As you may know, Hanford played a key role in the United States’ national security mission beginning in World War II and operating throughout the Cold War, ultimately producing approximately two-thirds of our nation’s plutonium stockpile. Hanford’s production mission transitioned to cleanup in 1989 with the signing of the Hanford Federal Facility Agreement and Consent Order, also known as the Tri-Party Agreement (TPA).
Given its role as the “workhorse” for plutonium production, the scope of Hanford cleanup is immense, representing one of the most complex and challenging environmental remediation efforts on the planet. Thirty-three years after the TPA was signed, much progress has been made at Hanford, including the remediation of over 1,300 waste sites, demolition of over 900 facilities, and treatment of over 27 billion gallons of groundwater, but there is much more work to do.
This remaining work includes remediation of hundreds of additional facilities and waste sites, packaging and shipment of the country’s largest volume of transuranic (TRU) waste, treatment of billions of gallons of additional groundwater, and retrieval and treatment of 56 million gallons of radioactive and chemical waste currently stored in 177 underground tanks. Importantly, this large volume of tank waste presents one of the most significant long-term risks at Hanford, and tank waste treatment is the largest cost driver for the entire cleanup effort.
In its “2022 Lifecycle Scope, Schedule and Cost Report” the Department of Energy (DOE) estimated the costs for Hanford cleanup to be between $300.2 billion and $640.6 billion, with active cleanup complete in the year 2078. On average, this equates to annual funding of between $5.36 billion and $11.44 billion. Notably, the report also identifies that significant budget increases will be needed beginning in Fiscal Year 2024 (FY24) to support a new scope of work for design, engineering, and construction of the High-Level Waste (HLW) facility in addition to the ongoing activities across the Hanford Site.

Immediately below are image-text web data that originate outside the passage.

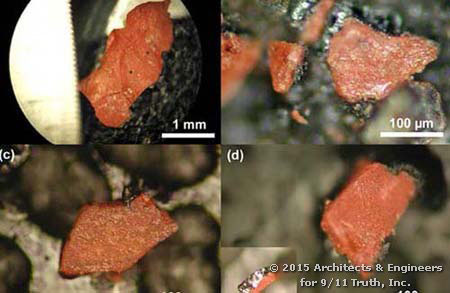 Fotografie al microscopio dei frammenti rosso-grigi della polvere del WTC. La foto (d) mostra la patina di grigio sui frammenti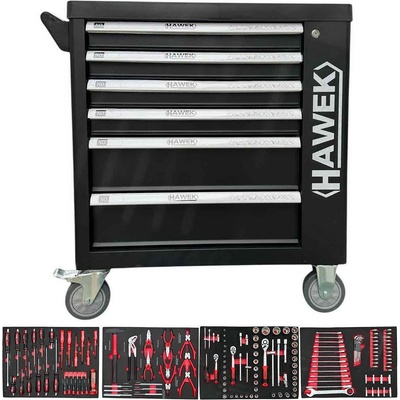HAWEK Количка за инструменти 156 части, 6 чекмеджета и странично отделение, HAWEK HW-2055, 780x740x470 мм (HW-2055)
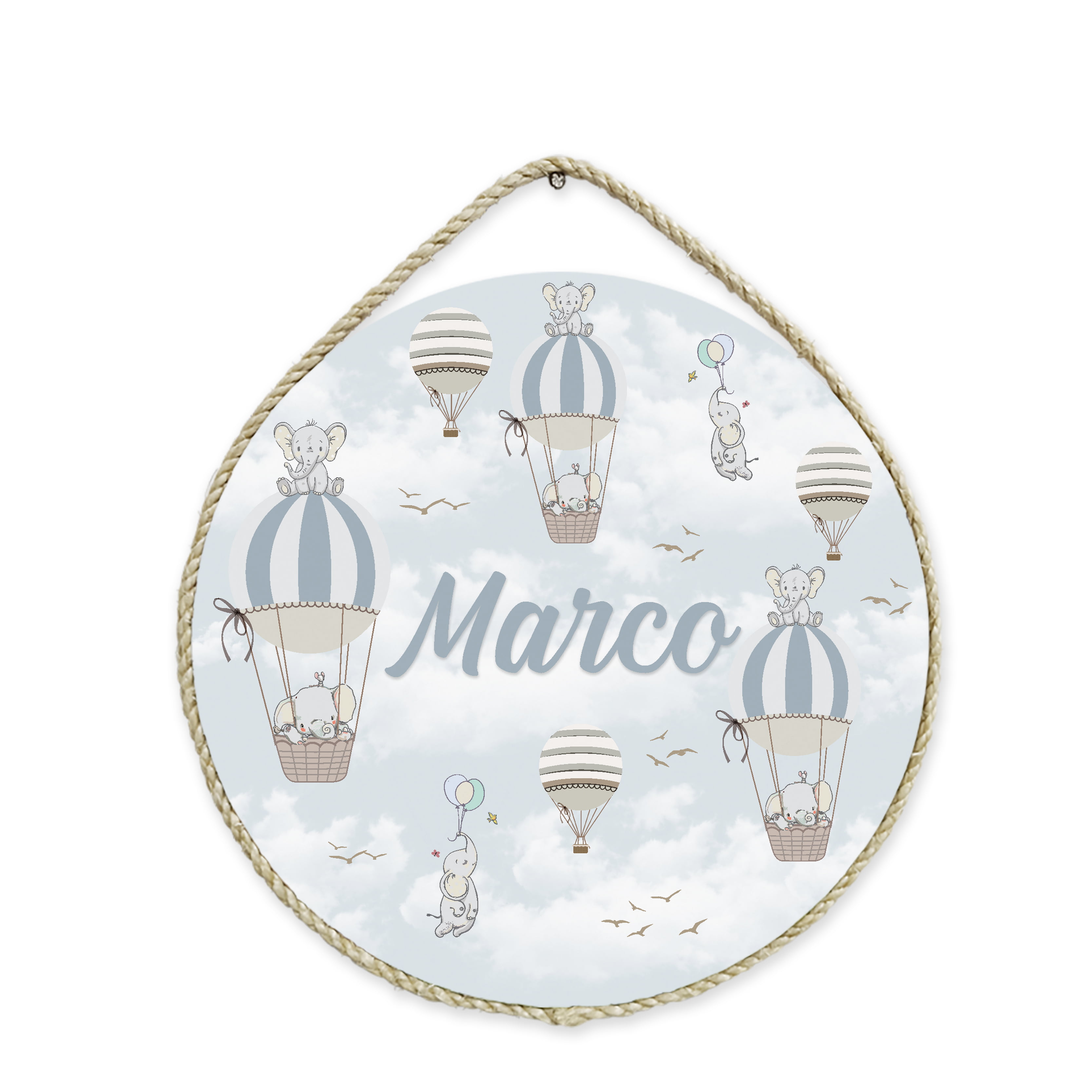 Porta Maternidade Personalizado Elefantes com Balões Azul Menino PM30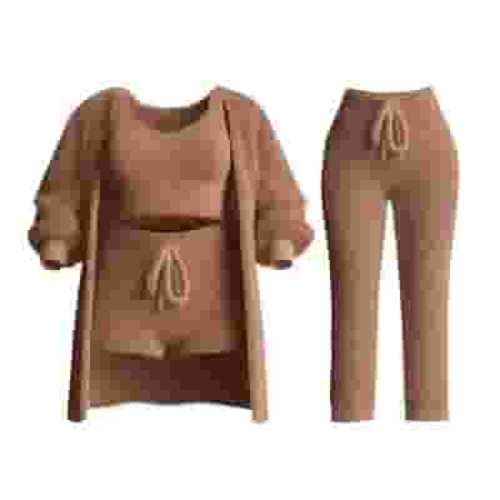 Kaemgyyd Women Fuzzy 4 Piece Outfit Pajamas Sherpa Cardigan Sleeveless Crop Tops Shorts and Fleece Long Pants Plush Nightwear Set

It is imperative that your FY24 budget request includes the necessary resources for this critical phase of Hanford cleanup, and for Congress to ensure that this funding is provided. Specifically, we believe that the appropriate funding level in FY24 is $3.76 billion – along with a recognition that this increased funding must be continued in subsequent fiscal years.

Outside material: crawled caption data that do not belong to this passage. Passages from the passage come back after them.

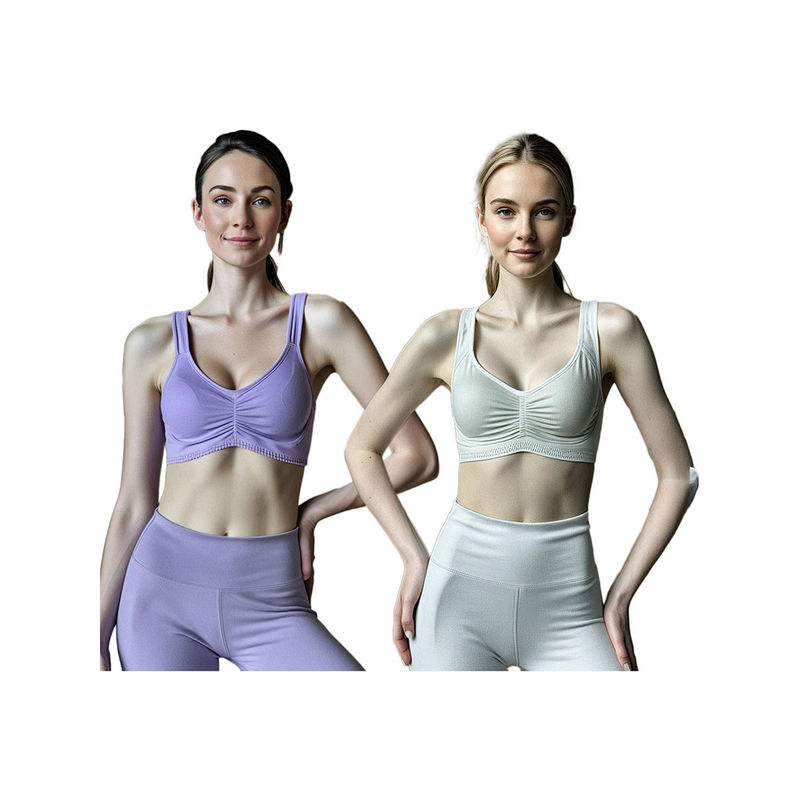 Secrets By ZeroKaata Assorted Solid Lightly Padded Sports Bra Women (Pack of 2) (XS)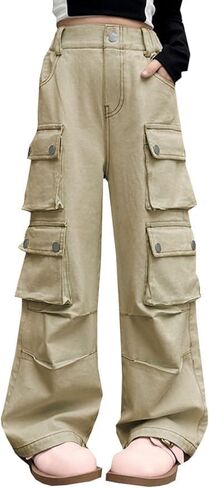 SANGTREE Girls High Waist Baggy Y2k Wide Leg Cargo Pants, 4-14 Years in Kuwait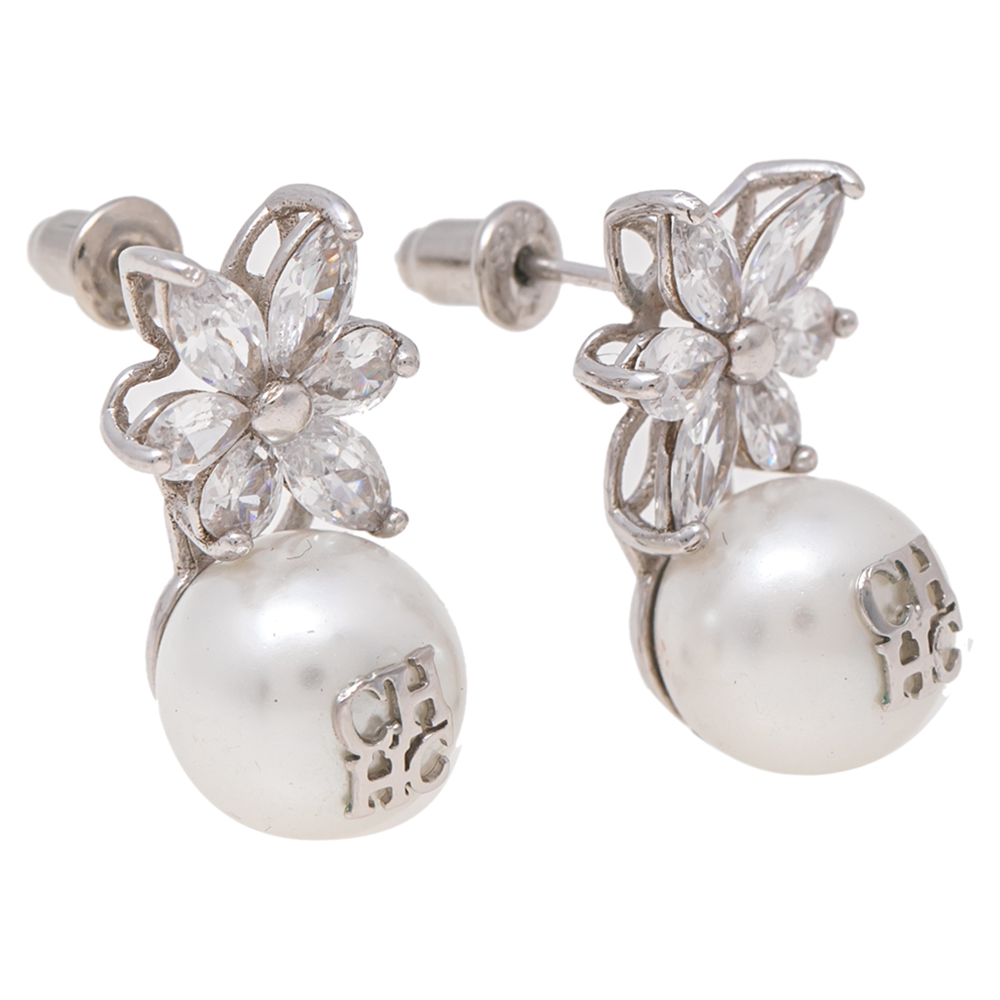 

Carolina Herrera Crystal Jasmine Faux Pearl Sterling Silver Drop Earrings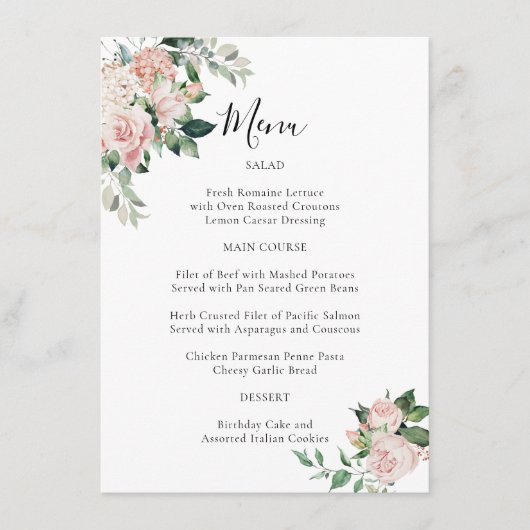 Elegant Blush Pink Floral Special Occasion Menu メニュー (正面)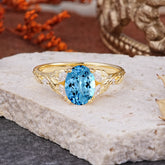 Vintage Leaf 4-Prong Oval Aquamarine Engagement Ring for Women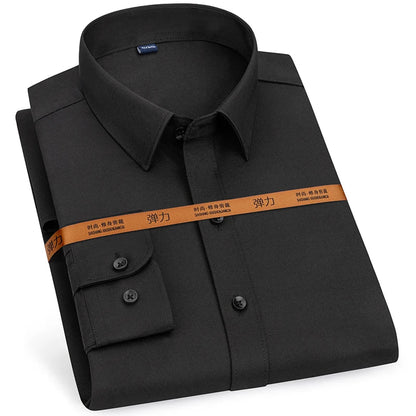 Men Solid Color Business Shirt Formal Fashion, Thin Classic White Long Sleeve Shirt.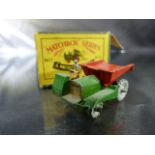Moko Lesney dumper truck from the Matchbox series No.2 Box broken and vehicle in good condition.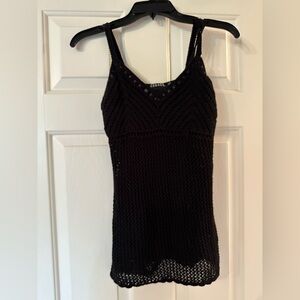 Chic Black Crochet Tank Top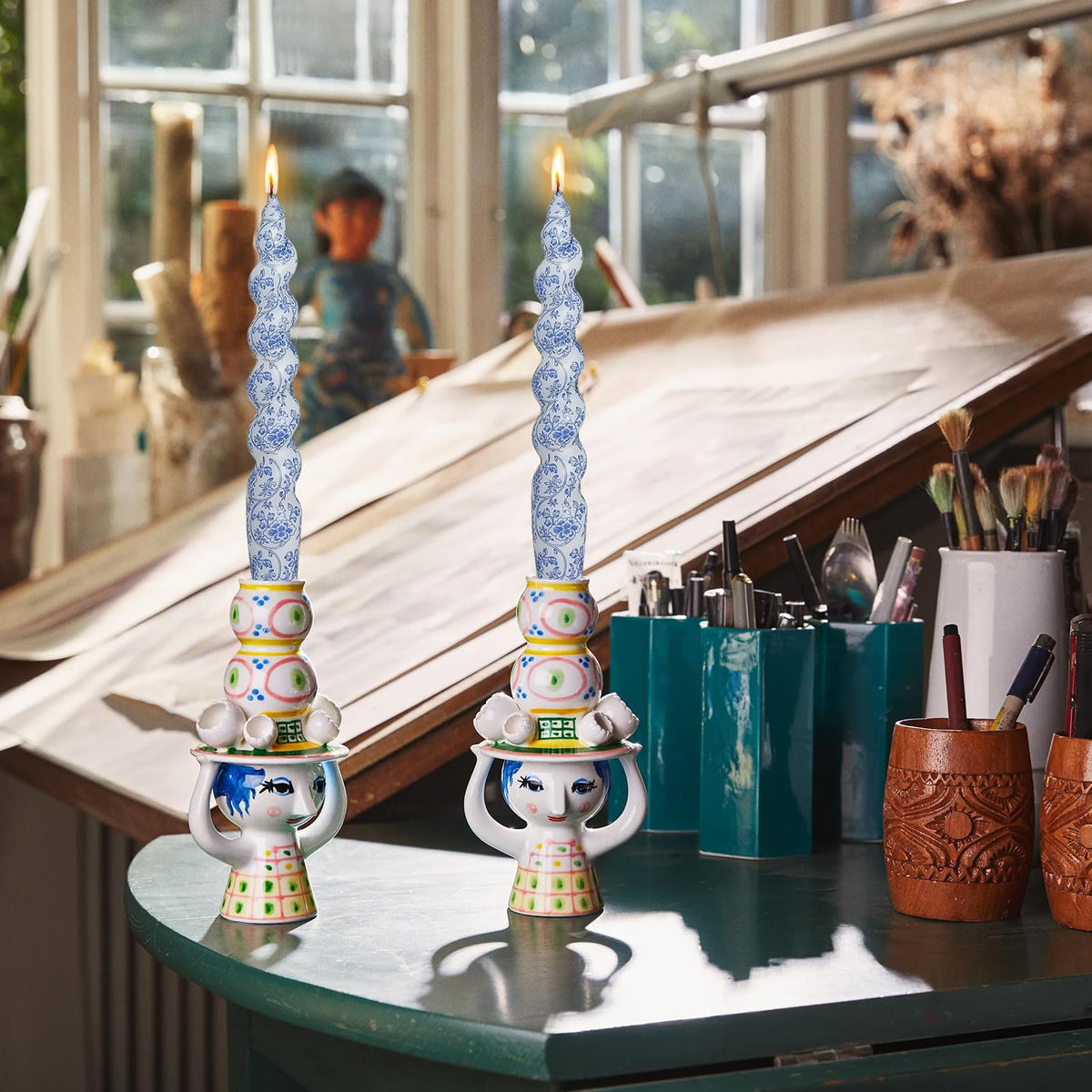 Unscented Floral Taper Candle Spiral Candlesticks - Set of 4 Handmade Blue Flower Twisted Candle 7.5 Inch Short Print Tapered Candles for Home Wedding Dinner Gifts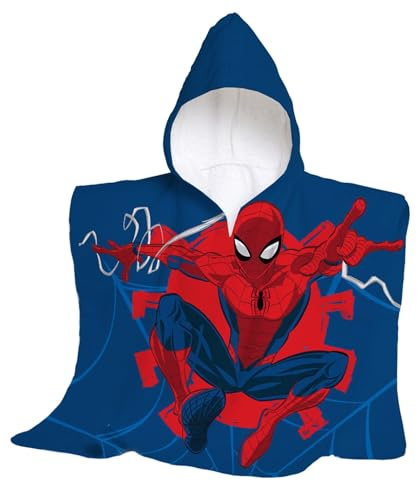 hermet, Disney, Spiderman, Serviette de Plage avec Capuche, Poncho de mer Maxi pour Enfant, 60 x 60 cm, Serviette de Plage ou Piscine, 100% Coton Doux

Doing otherwise will only increase long-term costs to the American people while increasing the risk to human health and the environment. We also recognize the important cleanup work taking place at other DOE Office of Environmental Management (EM) sites, and we strongly believe that all of these efforts should be fully funded. Therefore, we encourage the Administration and Congress to support an increased budget for the entire EM program.
Thank you for your careful consideration of this urgent national priority. We welcome the opportunity to discuss it with you further.